On Thu, Nov 21, 2024 at 11:15 PM Greg KH <gregkh@xxxxxxxxxxxxxxxxxxx> wrote:
On Thu, Nov 21, 2024 at 10:31:12PM +0800, Yafang Shao wrote:
On Thu, Nov 21, 2024 at 4:51 PM David Hildenbrand <david@xxxxxxxxxx> wrote:
On 20.11.24 13:28, Yafang Shao wrote:
When CONFIG_STRICT_DEVMEM is enabled, writing to /dev/mem to override
kernel data for debugging purposes is prohibited. This configuration is
always enabled on our production servers. However, there are times when we
need to use the crash utility to modify kernel data to analyze complex
issues.
As suggested by Ingo, we can add a boot time knob of soft-enabling it.
Therefore, a new parameter "strict_devmem=" is added. The reuslt are as
follows,
- Before this change
crash> wr panic_on_oops 0
wr: cannot write to /proc/kcore <<<< failed
- After this change
- default
crash> wr panic_on_oops 0
wr: cannot write to /proc/kcore <<<< failed
- strict_devmem=off
crash> p panic_on_oops
panic_on_oops = $1 = 1
crash> wr panic_on_oops 0
crash> p panic_on_oops
panic_on_oops = $2 = 0 <<<< succeeded
- strict_devmem=invalid
[ 0.230052] Invalid option string for strict_devmem: 'invalid'
crash> wr panic_on_oops 0
wr: cannot write to /proc/kcore <<<< failed
Suggested-by: Ingo Molnar <mingo@xxxxxxxxxx>
Signed-off-by: Yafang Shao <laoar.shao@xxxxxxxxx>
---
.../admin-guide/kernel-parameters.txt | 16 ++++++++++++++
drivers/char/mem.c | 21 +++++++++++++++++++
2 files changed, 37 insertions(+)
diff --git a/Documentation/admin-guide/kernel-parameters.txt b/Documentation/admin-guide/kernel-parameters.txt
index 1518343bbe22..7fe0f66d0dfb 100644
--- a/Documentation/admin-guide/kernel-parameters.txt
+++ b/Documentation/admin-guide/kernel-parameters.txt
@@ -6563,6 +6563,22 @@
them frequently to increase the rate of SLB faults
on kernel addresses.
+ strict_devmem=
+ [KNL] Under CONFIG_STRICT_DEVMEM, whether strict devmem
+ is enabled for this boot. Strict devmem checking is used
+ to protect the userspace (root) access to all of memory,
+ including kernel and userspace memory. Accidental access
+ to this is obviously disastrous, but specific access can
+ be used by people debugging the kernel. Note that with
+ PAT support enabled, even in this case there are
+ restrictions on /dev/mem use due to the cache aliasing
+ requirements.
+ on If IO_STRICT_DEVMEM=n, the /dev/mem file only allows
+ userspace access to PCI space and the BIOS code and data
+ regions. This is sufficient for dosemu and X and all
+ common users of /dev/mem. (default)
+ off Disable strict devmem checks.
+
sunrpc.min_resvport=
sunrpc.max_resvport=
[NFS,SUNRPC]
This will allow to violate EXCLUSIVE_SYSTEM_RAM, and I am afraid I don't
enjoy seeing devmem handling+config getting more complicated.

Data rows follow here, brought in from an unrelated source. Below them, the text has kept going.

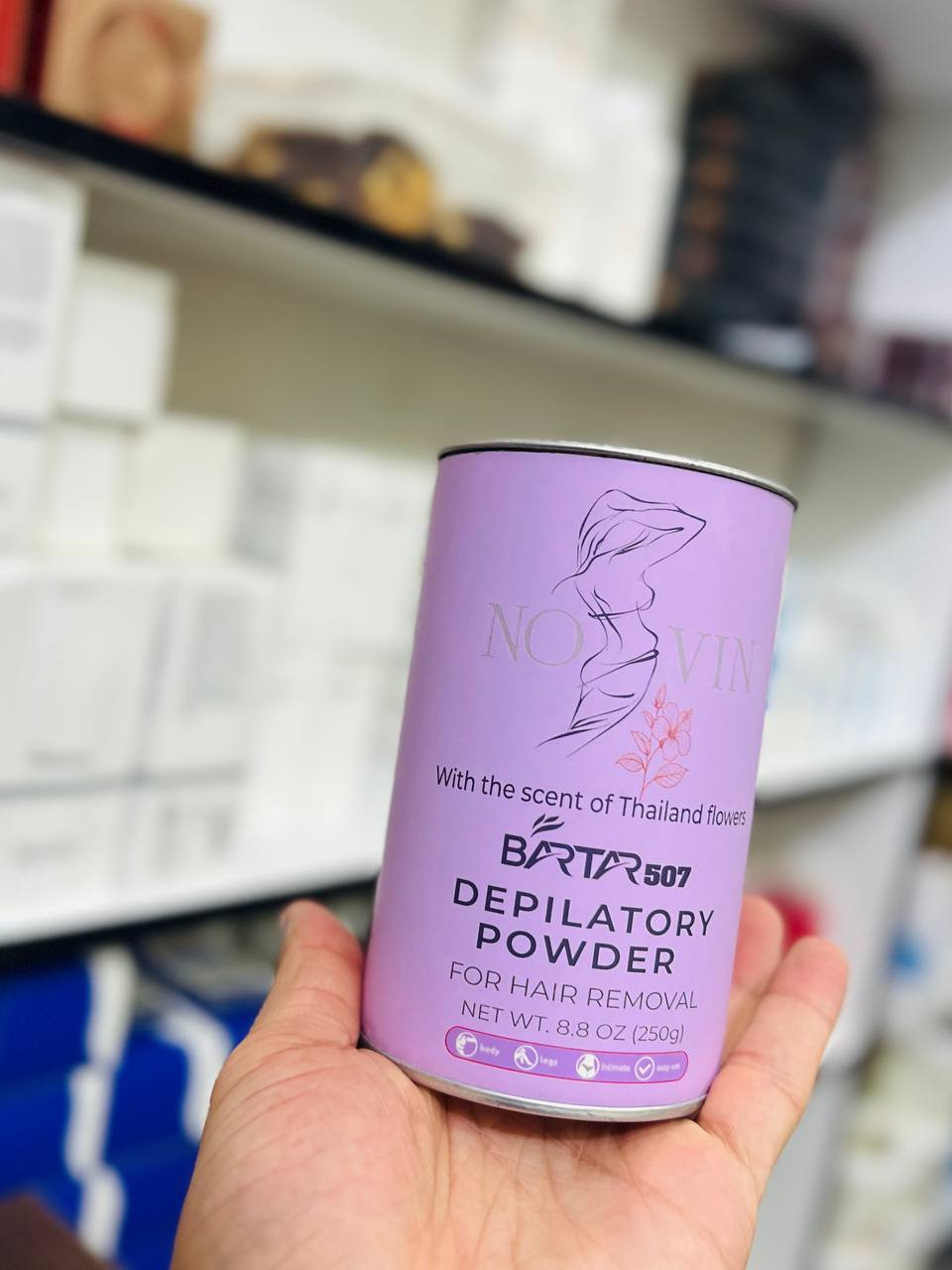 بودرة "نوفين" (NOVIN) المزيلة للشعر برائحة زهور تايلاند 💜✨
تستخدم لإزالة الشعر من الجسم ☂🫧
💜مصممة لإزالة الشعر بسرعة وفعالية، وتمنح بشرة ناعمة من أول استخدام 
💜 حل سريع وعملي لبشرة ناعمة خلال دقائق. 
💜 مناسبة لإزالة الشعر الأكثر سماكة (قد تختلف الألوان للوجه/الجسم). 
تساعد على تقليل نمو الشعر مع الاستخدام المنتظم (للمنتجات المشابهة). 
بدون ألم وطبيعية وآمنة (للمنتجات المشابهة).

That poses a challenge. Perhaps we should also consider disabling
functions that rely on EXCLUSIVE_SYSTEM_RAM when strict_devmem=off,
but implementing such a change seems overly complex.
Our primary goal is to temporarily bypass STRICT_DEVMEM for live
kernel debugging. In an earlier version, I proposed making the
fucntion devmem_is_allowed() error-injectable, but Ingo pointed out
that it violates the principles of STRICT_DEVMEM.
I think that "primary goal" is the problem here. We don't want to do
that, at all, for all the reasons why we implemented STRICT_DEVMEM and
for why people enable it.
Either you enable it because you want the protection and "security" it
provides, or you do not. Don't try to work around it please.
Do you have any suggestions on enabling write access to /dev/mem in
debugging tools like the crash utility, while maintaining
compatibility with the existing rules?
I think you just don't provide write access to /dev/mem for debugging
tools as it's a huge security hole that people realized and have plugged
up. If you want to provide access to this for "debugging" then just
don't enable that option and live with the risk involved, I don't see
how you can have it both ways.
I don’t quite see how STRICT_DEVMEM could pose a significant security
concern. If you’re root, you already have the ability to do whatever
you want on the system if you’re determined to. This option primarily
serves to prevent reckless or accidental writes to kernel memory.
As I understand it, STRICT_DEVMEM is more about enabling functionality
for features like page table checking and virtio_mem than about
enforcing security.